Ten years ago the AA attempted to rid the world of St Neots by literally wiping it off the map.

Fortunately, life does not immitate cartography and the town survived. However, now a new and much more real threat presents itself in the form of the Large Hadron Collider, or LHC.

A group of Expert Scientists at CERN, the European Organisation for Nuclear Research, are this evening preparing to fire up the LHC in order to recreate the Big Bang, and hopefully learn about the origins of the universe.

However, a breakaway group from the 8000-odd scientists at CERN, who are made up of over 500 nationalities from the worlds leading scientific institutes, has claimed that the experiment “will cause loads of tiny black holes. These will grow exponentially and eventually may turn the planet inside-out.”

More worryingly, the LHC is reported to be located 100 metres underground somewhere between Geneva airport and the Jura Mountains, in Switzerland, but this new group have hinted that the machine is in fact twelve feet under St Neots.

Longsands College science teacher Winter Daw said, “If the LHC is indeed located underneath St Neots, we will probably find ourselves disappearing into a black hole very soon. These so-called Expert Scientists seem to think that if a black hole does occur, the town will turn upside down and block it up, and no-one will really miss it very much.

“Worse still, the LHC runs on fuel made of ducklings, bunnies, toddlers, the pig from the movie ‘Babe’, and kittens’ tears – it really is quite attrocious.”
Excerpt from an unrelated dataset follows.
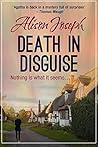 Death in Disguise (Agatha Christie Investigates, #3)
Guillaume le Trec, a spokesman for CERN, said, “Clearly this is all, ow you say it, utter bollocks. First thing, we would never put kittens tears in our fuel. Second, the LHC really is underneath Switzerland. And thirdly, if you do fall into a black ‘ole, it’s really nice in there – all sorts of rainbows and cinemas and things.”

The Citizen plans to report on the outcome of the recreation of the Big Bang at CERN, but if it goes badly we won’t be able to. As one local resident and Daily Mail reader put it: “Nothing must ever change or we’ll all die.”